Enhanced Certificate Transparency (ECT) by Ryan [22] extends CT by using two data structures: one chronologically sorted and one lexicographically sorted. Distributed Transparent Key Infrastructure (DTKI) [27] builds upon the same data structures as ECT. The chronologically sorted data structure corresponds to a history tree (like CT). The lexicographically sorted data structure is similar to our hash treap. For checking consistency between the two data structures, ECT and DTKI use probabilistic checks. The probabilistic checking verifies that a random operation recorded in the chronological data structure has been correctly performed in the lexicographical data structure. However, this requires the prover to generate past versions of the lexicographical data structure (or cache all proofs), with similar trade-offs as for PADs, which is relatively costly.

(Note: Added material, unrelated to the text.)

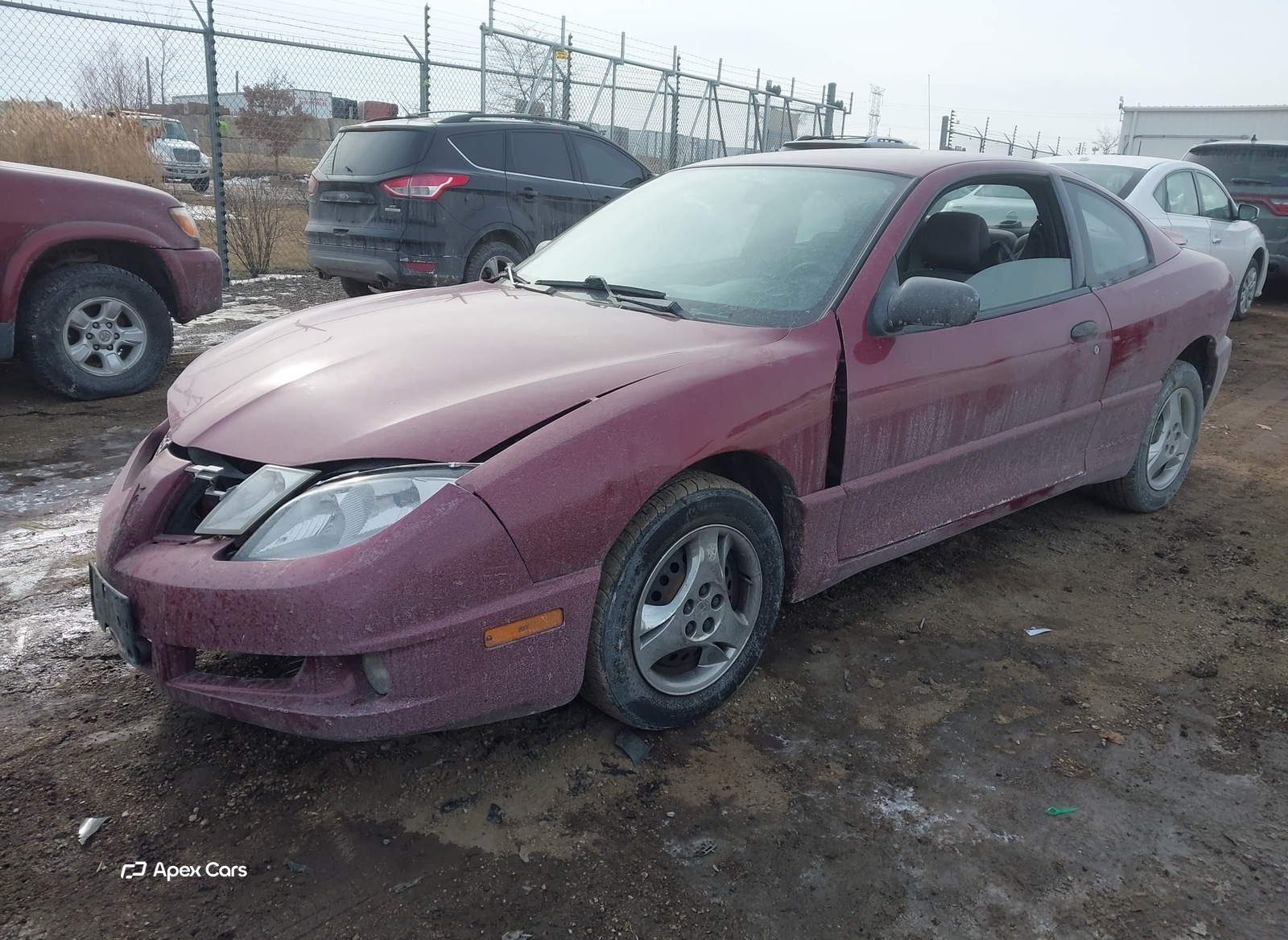 Pontiac Sunfire 2005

CONIKS [14] is a privacy-friendly key management system where minimally trusted clients manage their public keys in directories at untrusted key servers. A directory is built using an authenticated binary prefix tree, offering similar properties as our hash treap. In CONIKS, user identities are presumably easy to brute-force, so they go further than Balloon in providing event privacy in proofs by using verifiable unpredictable functions and commitments to hide keys (identities) and values (user data). CONIKS stores every version of their (authenticated) data structure, introducing significant overhead compared to Balloon. On the other hand, CONIKS supports modifying and removing keys, similar to a PAD. Towards consistency, CONIKS additionally links snapshots together into a snapshot chain, together with a specified gossiping mechanism that greatly increases the probability that an attacker creating inconsistent snapshots is caught. This reduces the reliance on perfect gossiping, and could be used in Balloon. If the author ever wants to create a fork of snapshots for a subset of clients and monitors, it needs to maintain this fork forever for this subset or risk detection. Like CONIKS, we do not prevent an adversary compromising a server, or author, or both, from performing attacks: we provide means of detection after the fact.

9 Conclusions

This paper presented Balloon, an authenticated data structure composed of a history tree and a hash treap, that is tailored for privacy-preserving transparency logging. Balloon is a provably secure authenticated data structure, using a similar approach as Papamanthou et al. [19], under the modest assumption of a collision-resistant hash function. Balloon also supports efficiently verifiable inserts of new events and publicly verifiable consistency. Verifiable inserts enable the author to discard its copy of the (authenticated) data structure, only keeping constant storage, at the cost of transmitting and verifying proofs of a pruned version of the authenticated data structure. Publicly verifiable consistency enables anyone to verify the consistency of snapshots, laying the foundation for a forward-secure author, under the additional assumption of a perfect gossiping mechanism of snapshots. Balloon is practical, as shown in Sect. 7, and a more efficient solution in our setting than using a PAD, as summarised by Table 2.

Footnotes

  1. 1.

    A commitment \(c_i\) is the root of the history tree for the i:th event, signed by the system. For the purpose of this paper, we omit the signature from the commitments.

  2. 2.

    The priority can safely be discarded since it is derived solely from the key and implicit in the structure of the treap.

  3. 3.

    \(queried[-1]\) denotes the index of the last inserted event in version queried of the authenticated data structure.

  4. 4.

    Note that the signatures may differ since the signature scheme can be probabilistic.

  5. 5.

    golang.org, accessed 2015-04-10.

  6. 6.

    The difference is in how non-full trees are handled, as noted in Sect. 2.1 of [12].

Notes

Acknowledgements

We would like to thank Simone Fischer-Hübner, Stefan Lindskog, Leonardo Martucci, Jenni Reuben, Philipp Winter, and Jiangshan Yu for their valuable feedback. Tobias Pulls has received funding from the Seventh Framework Programme for Research of the European Community under grant agreement no. 317550. This work was supported in part by the Research Council KU Leuven: GOA TENSE (GOA/11/007).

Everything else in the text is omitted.